DATASET EXTRACT
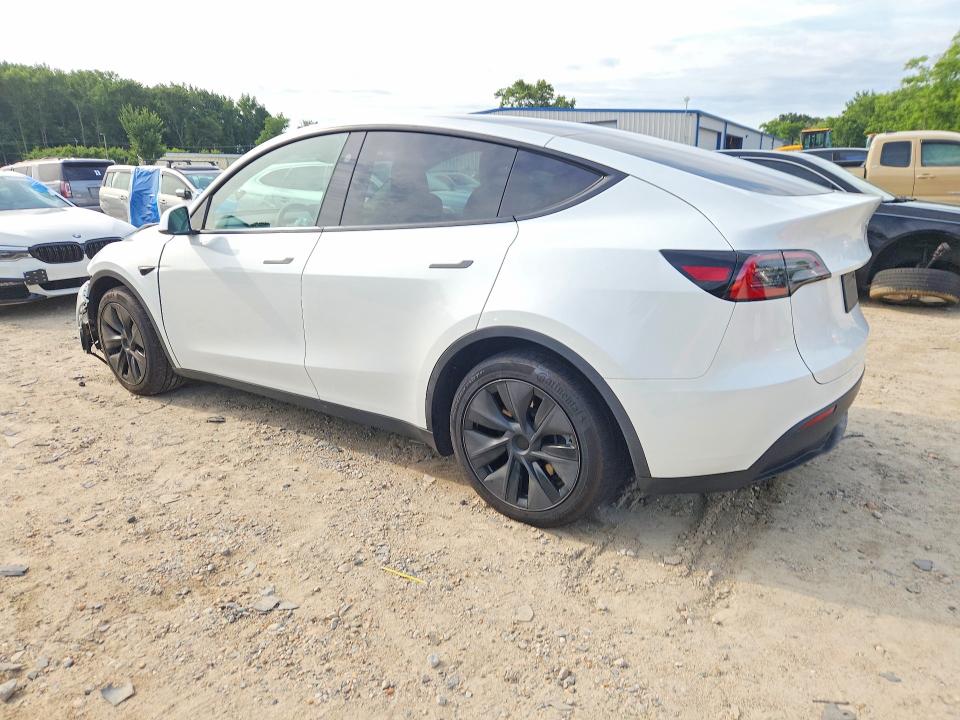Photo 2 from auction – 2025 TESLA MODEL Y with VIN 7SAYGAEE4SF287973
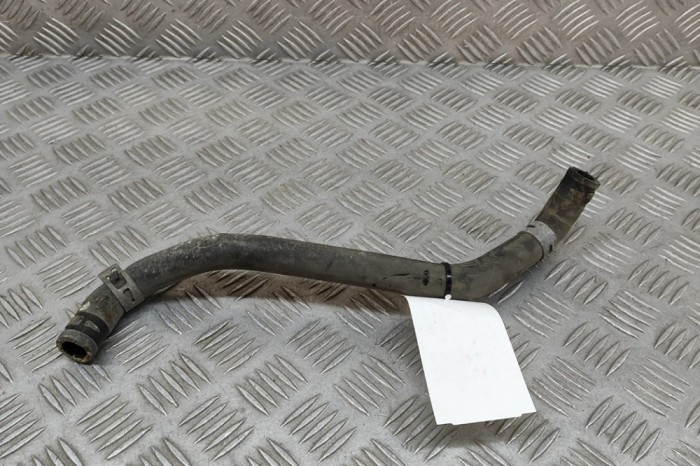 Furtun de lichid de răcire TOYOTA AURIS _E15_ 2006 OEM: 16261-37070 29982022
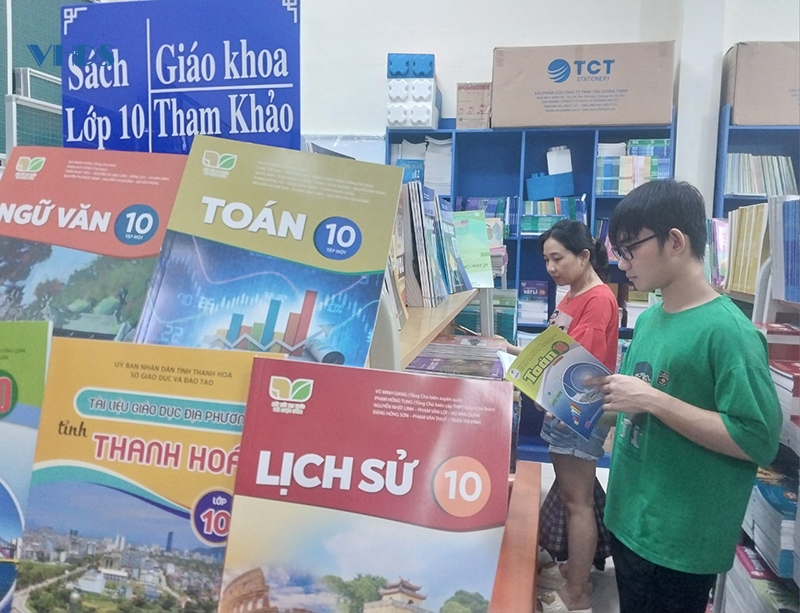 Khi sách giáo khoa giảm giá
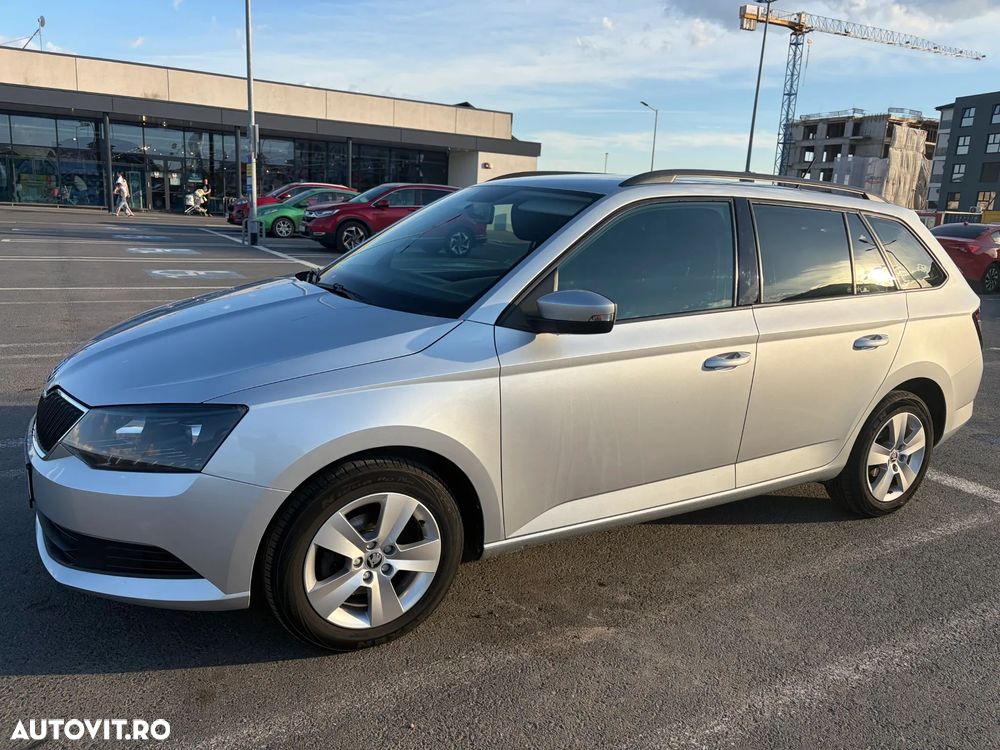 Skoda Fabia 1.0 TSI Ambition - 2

TASK OBJECTIVE
Leaving every picture out, please copy exactly the lines from the one holding "Khi sách giáo khoa giảm giá" through the last line of the listing, both ends included.

SOLUTION FOR THIS PROBLEM
 Khi sách giáo khoa giảm giá
 Skoda Fabia 1.0 TSI Ambition - 2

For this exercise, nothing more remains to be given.